**RECORDS:**
==*==

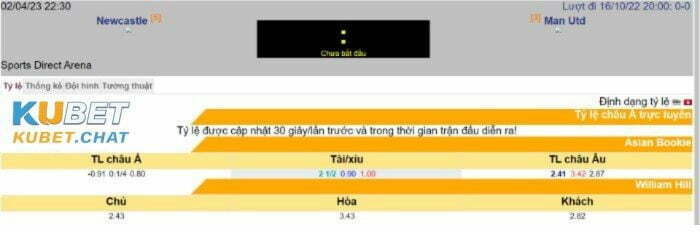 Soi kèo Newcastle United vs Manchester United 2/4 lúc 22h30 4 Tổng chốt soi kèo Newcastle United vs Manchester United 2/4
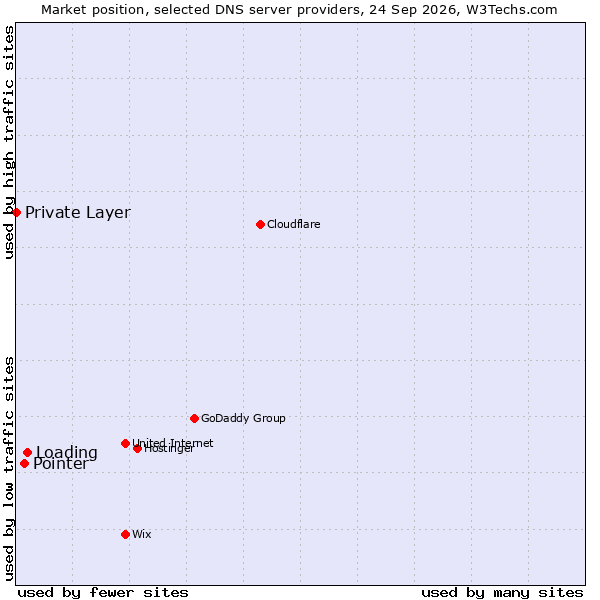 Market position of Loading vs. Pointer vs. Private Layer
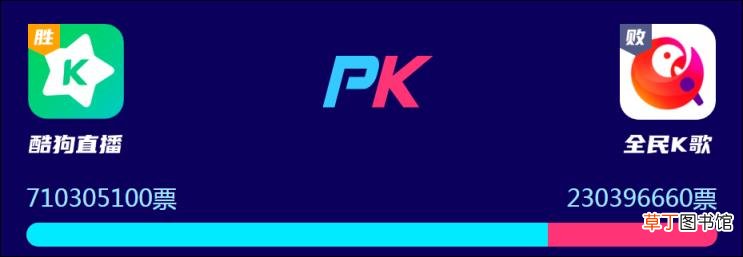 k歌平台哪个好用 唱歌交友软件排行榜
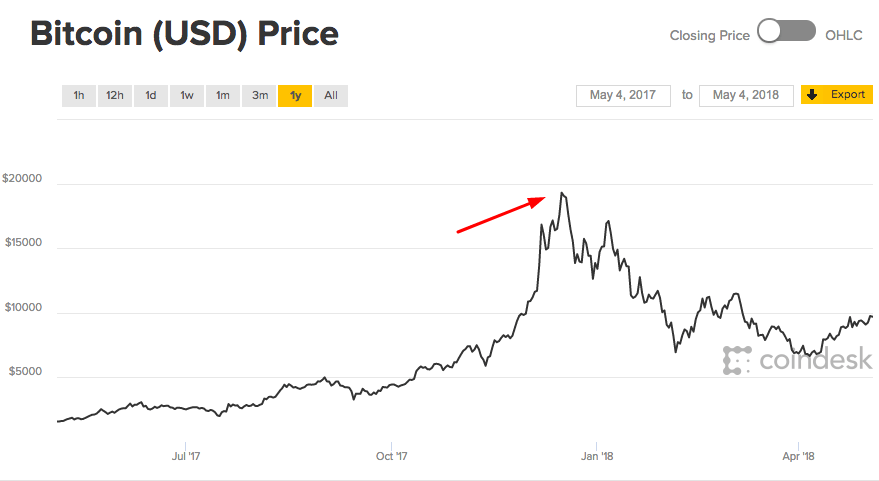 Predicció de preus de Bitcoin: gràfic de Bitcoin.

==*==

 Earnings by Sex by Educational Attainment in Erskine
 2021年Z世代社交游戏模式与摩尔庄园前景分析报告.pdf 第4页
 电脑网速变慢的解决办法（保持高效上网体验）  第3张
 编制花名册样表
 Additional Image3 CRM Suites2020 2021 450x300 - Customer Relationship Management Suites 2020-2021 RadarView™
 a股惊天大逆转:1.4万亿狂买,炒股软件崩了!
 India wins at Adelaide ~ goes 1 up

==*==

**TASK ITEM:** Where the listing above reaches the line that contains "Additional Image3 CRM", start retyping, and finish with the line that contains "India wins at Adelaide ~ goes 1 up"; reproduce those lines exactly and no others.

**RESPONSE TO THE EXERCISE:**
 Additional Image3 CRM Suites2020 2021 450x300 - Customer Relationship Management Suites 2020-2021 RadarView™
 a股惊天大逆转:1.4万亿狂买,炒股软件崩了!
 India wins at Adelaide ~ goes 1 up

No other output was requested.